Но, не успев осуществить свою миссию, Гейл вдруг сама превратилась в ребенка.

– Ой, глядите! – завопила она, высовываясь из того самого окна, которое собиралась закрыть. – Ребята, глядите… люди!

«Люди» были двое детишек на коньках, бежавших по длинной ленте пруда на краю заснеженной рощи. Они бежали быстро-быстро, пытаясь не отстать от поезда, и, когда он просвистел мимо, протянули к нему руки, как будто ловя приветственные клики и воздушные поцелуи, посылавшиеся Гейл с приятелями.

Между тем русский проводник обнаружил, что из его самовара валит дым. Он выхватил обгоревшие сосиски из огня и швырнул на пол. Затем, сунув в рот обожженные пальцы и употребляя, судя по тону, весьма горячие выражения, отогнал детей от окна и рывком его закрыл.

– Да брось ты кукситься, – сказал Дэви. – Тут клево!


В купе № 6 на столе (и на ковре) валялись остатки завтрака: кусочки сыра и обрезки фруктов. Послеполуденное солнце сверкало в стакане кьянти, который крутила в руке мисс Райан.
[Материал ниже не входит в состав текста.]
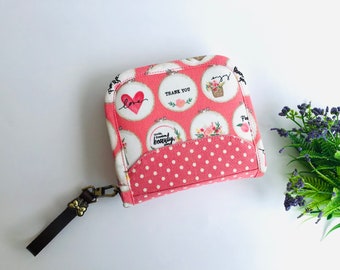 Portefeuille rose, petit portefeuille pour femme, portefeuille en tissu fait main, joli portefeuille, cadeaux pour elle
– Обожаю вино, – сказала она страстно. – С двенадцати лет. Серьезно. Чудом не спилась.

Она отпила глоток и вздохнула от удовольствия, выражавшего общий настрой. Мисс Тигпен с женихом, явно тоже попробовавшие кьянти, устроились в уголке, ее голова лежала у него на плече. Царила дремотная тишина, которую прервал стук в дверь и голос:

– Приехали. Россия.

– Все по местам, – сказала мисс Райан. – Представление начинается.


За окном возникли первые признаки приближения границы: голые деревянные вышки вроде тех, что окружают уголовные лагеря Юга. Далеко отстоя друг от друга, они шагали по пустынному пространству, как гигантские телеграфные столбы. На ближайшей к нам вышке я разглядел человека, смотревшего в бинокль на наш поезд. Поезд между тем на повороте постепенно замедлял ход и наконец остановился. Мы находились на сортировочной станции, в лабиринте путей и товарных вагонов. Это была советская граница, в сорока минутах от Брест-Литовска.

На путях стада женщин, закутанных в платки, как в чадру, но шерстяную, ломами расчищали лед, останавливаясь, только чтобы высморкаться в ободранные красные ладони. Лишь немногие мельком глянули на «Голубой экспресс», да и те навлекли на себя острые взгляды многочисленных милиционеров, без дела стоявших вокруг, сунув руки в карманы шинелей.

– Ужас какой, – сказала мисс Тигпен. – Дамы работают, а мужчины стоят и смотрят. Как не стыдно!

– Вот так-то, детка, – сказал Джексон, подышав на рубиновый перстень и полируя его рукавом. – Здесь каждый мужик – Кайфолов.

– Попробовали бы со мной так обращаться, – ответила мисс Тигпен с ноткой угрозы в голосе.